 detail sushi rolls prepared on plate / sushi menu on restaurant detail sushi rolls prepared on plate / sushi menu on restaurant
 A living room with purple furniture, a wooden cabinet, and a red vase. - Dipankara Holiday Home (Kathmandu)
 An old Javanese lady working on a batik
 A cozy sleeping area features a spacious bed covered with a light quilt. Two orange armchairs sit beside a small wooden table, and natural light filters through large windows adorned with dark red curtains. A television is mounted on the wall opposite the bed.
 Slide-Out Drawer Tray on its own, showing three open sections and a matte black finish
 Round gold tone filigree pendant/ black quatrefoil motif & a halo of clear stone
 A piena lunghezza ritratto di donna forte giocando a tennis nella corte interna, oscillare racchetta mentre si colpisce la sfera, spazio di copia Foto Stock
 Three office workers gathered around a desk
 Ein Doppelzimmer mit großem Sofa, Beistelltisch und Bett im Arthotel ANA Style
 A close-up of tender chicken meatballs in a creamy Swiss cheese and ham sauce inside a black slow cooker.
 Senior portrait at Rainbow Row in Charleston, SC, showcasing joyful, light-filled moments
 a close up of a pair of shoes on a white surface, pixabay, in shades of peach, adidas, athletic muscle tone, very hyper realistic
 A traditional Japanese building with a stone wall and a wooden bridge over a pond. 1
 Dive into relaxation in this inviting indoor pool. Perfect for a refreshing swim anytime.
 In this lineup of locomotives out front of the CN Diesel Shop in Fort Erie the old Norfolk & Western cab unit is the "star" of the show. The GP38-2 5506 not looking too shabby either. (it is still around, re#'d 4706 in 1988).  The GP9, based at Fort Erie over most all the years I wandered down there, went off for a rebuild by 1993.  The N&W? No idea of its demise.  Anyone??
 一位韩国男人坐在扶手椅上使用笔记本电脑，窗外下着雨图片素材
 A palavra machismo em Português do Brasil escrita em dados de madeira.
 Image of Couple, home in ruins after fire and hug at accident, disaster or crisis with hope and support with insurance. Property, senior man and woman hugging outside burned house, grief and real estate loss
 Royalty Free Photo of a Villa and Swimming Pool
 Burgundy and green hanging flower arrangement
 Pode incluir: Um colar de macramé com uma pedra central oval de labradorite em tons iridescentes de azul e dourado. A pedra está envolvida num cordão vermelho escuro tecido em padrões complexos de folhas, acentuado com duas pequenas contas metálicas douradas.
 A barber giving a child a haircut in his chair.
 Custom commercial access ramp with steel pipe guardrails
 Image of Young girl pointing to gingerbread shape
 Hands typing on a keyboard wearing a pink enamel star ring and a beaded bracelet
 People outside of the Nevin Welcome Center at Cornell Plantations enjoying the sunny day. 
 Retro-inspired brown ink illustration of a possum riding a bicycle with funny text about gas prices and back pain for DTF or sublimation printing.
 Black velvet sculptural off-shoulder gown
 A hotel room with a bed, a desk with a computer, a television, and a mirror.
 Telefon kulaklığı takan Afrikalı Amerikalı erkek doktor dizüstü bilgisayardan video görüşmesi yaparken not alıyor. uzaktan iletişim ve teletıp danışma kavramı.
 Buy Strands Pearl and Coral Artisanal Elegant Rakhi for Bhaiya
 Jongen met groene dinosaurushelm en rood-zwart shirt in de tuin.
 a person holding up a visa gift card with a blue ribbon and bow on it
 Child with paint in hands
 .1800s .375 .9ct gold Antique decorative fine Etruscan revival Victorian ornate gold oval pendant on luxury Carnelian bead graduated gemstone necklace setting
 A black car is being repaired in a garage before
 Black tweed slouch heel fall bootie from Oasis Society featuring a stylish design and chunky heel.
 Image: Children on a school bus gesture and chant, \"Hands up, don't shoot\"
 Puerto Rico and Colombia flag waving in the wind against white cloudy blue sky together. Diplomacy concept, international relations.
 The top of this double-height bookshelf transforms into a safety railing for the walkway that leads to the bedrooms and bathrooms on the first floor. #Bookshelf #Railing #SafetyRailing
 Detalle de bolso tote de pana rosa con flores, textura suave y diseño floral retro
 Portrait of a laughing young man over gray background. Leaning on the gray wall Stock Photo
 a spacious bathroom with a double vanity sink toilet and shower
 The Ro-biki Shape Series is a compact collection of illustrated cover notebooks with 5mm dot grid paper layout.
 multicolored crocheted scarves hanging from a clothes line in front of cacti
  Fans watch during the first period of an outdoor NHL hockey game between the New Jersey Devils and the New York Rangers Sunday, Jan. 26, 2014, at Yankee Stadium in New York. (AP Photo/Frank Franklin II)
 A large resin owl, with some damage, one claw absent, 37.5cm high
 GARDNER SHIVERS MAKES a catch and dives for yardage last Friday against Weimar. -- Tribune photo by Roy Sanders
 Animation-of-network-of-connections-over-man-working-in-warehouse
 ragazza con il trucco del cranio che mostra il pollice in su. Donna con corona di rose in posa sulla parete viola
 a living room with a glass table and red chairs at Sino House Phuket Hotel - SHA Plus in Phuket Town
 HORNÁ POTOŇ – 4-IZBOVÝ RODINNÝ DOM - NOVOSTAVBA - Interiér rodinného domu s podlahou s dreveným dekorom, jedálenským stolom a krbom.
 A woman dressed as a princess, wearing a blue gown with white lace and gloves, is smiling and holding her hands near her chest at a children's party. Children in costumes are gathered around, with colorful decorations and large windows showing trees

■ ■ ■ ■ ■

Here the job is to set down exactly the lines of the material above that fall between the one with "Image of Couple, home" and the one with "Hands typing on", inclusive, and nothing beyond them.

[OUTPUT]
 Image of Couple, home in ruins after fire and hug at accident, disaster or crisis with hope and support with insurance. Property, senior man and woman hugging outside burned house, grief and real estate loss
 Royalty Free Photo of a Villa and Swimming Pool
 Burgundy and green hanging flower arrangement
 Pode incluir: Um colar de macramé com uma pedra central oval de labradorite em tons iridescentes de azul e dourado. A pedra está envolvida num cordão vermelho escuro tecido em padrões complexos de folhas, acentuado com duas pequenas contas metálicas douradas.
 A barber giving a child a haircut in his chair.
 Custom commercial access ramp with steel pipe guardrails
 Image of Young girl pointing to gingerbread shape
 Hands typing on a keyboard wearing a pink enamel star ring and a beaded bracelet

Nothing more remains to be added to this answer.